Y sin embargo y paradójicamente, la casa no ha dejado de ser un depósito creciente de objetos y de sus recuerdos asociados. Almacenamos cosas, sin cesar, entre sus paredes, en sus estantes y trasteros. Y no solo lo hacemos debido a la presión consumista de la sociedad contemporánea. La propia casa, en cada uno de sus rincones, gracias a sus luces o atardeceres, gracias a sus materiales o tamaños particulares, ha llegado a representar para nosotros momentos concretos del pasado y sirve para rememorarlos de una forma vívida. Gracias a la múltiple apropiación simultánea que representan la visión, el tacto, el olfato y los sentimientos asociados al espacio habitado, misteriosamente, hemos vinculado a ellos un pedazo de memoria. Gracias al espacio, recordamos el tiempo.

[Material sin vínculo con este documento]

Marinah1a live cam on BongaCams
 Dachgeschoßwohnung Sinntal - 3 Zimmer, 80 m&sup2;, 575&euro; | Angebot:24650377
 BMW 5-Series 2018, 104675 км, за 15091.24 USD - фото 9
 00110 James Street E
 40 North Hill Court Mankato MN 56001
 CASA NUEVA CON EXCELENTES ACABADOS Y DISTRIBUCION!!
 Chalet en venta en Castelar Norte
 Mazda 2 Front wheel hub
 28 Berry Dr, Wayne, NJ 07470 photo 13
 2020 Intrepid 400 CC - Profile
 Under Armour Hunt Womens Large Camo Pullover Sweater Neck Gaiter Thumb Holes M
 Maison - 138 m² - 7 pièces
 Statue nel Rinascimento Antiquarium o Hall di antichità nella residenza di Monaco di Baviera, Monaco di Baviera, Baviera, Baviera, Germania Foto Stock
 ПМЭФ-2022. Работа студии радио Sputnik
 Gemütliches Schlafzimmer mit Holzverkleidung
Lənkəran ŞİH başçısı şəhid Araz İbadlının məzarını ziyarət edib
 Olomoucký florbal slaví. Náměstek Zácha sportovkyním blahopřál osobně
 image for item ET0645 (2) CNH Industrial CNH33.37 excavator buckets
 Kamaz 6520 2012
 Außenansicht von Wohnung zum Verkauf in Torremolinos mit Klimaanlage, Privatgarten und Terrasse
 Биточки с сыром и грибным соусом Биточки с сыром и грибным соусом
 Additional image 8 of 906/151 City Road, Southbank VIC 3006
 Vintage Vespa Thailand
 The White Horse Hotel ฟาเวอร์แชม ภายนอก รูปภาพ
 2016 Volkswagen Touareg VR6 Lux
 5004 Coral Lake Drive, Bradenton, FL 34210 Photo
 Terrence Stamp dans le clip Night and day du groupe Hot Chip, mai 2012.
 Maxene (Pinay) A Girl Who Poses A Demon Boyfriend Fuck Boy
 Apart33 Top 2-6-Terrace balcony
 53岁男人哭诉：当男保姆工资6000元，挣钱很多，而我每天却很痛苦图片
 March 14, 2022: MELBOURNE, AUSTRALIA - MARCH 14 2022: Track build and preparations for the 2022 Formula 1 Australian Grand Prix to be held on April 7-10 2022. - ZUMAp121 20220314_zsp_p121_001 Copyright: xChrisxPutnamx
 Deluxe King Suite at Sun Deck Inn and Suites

Lo digital ha sido capaz de anestesiar nuestra memoria, es cierto. Pero enredados en las redes y bajo un tsunami imparable de datos, no hemos dejado de ser organismos de carne y hueso que se cobijan en construcciones materiales cargadas de recuerdos. Ese quizá eso sea uno de los pocos signos de esperanza que quedan para una profesión que desde su nacimiento era ya anciana, y que ha estado siempre guiada por valores despreciados, como son la continuidad y la historia. Una profesión que, a pesar de todo, tendrá futuro siempre que sea capaz de fabricar un especial tipo de asperezas, de rincones o lugares, un tipo distinto de casas, que sirvan de recipiente de esa valiosa sustancia que son los recuerdos.
Porque no solo habitamos en el espacio, también habitamos el tiempo.